### Source data:
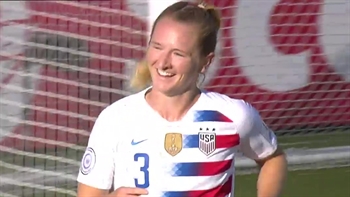 Mewis heads it in to give the USWNT an early lead vs. Panama | 2018 CONCACAF Women's Championship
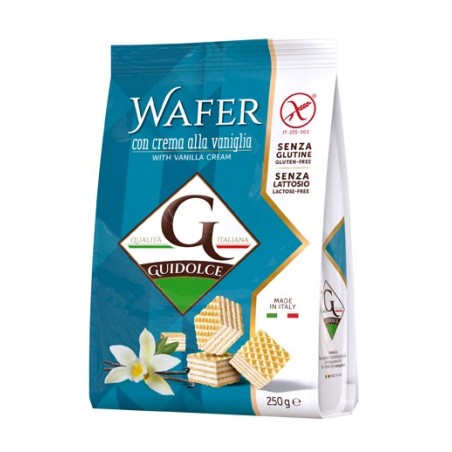 Guidolce Wafer Con Crema Alla Vaniglia Senza Glutine 250 G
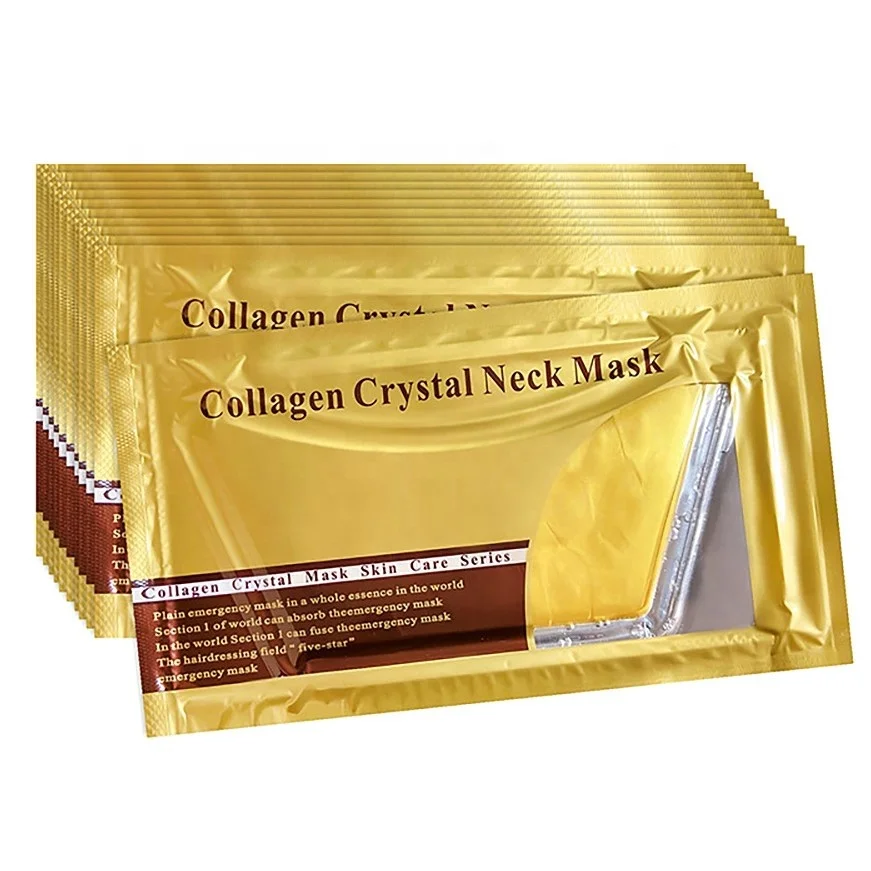 

Beauty Products Personal Skin Care sheet face Gold Crystal Collagen Neck Mask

### Task brief:
The data above must be copied exactly. Leave out the pictures.

### Exercise response:
 Mewis heads it in to give the USWNT an early lead vs. Panama | 2018 CONCACAF Women's Championship
 Guidolce Wafer Con Crema Alla Vaniglia Senza Glutine 250 G

Beauty Products Personal Skin Care sheet face Gold Crystal Collagen Neck Mask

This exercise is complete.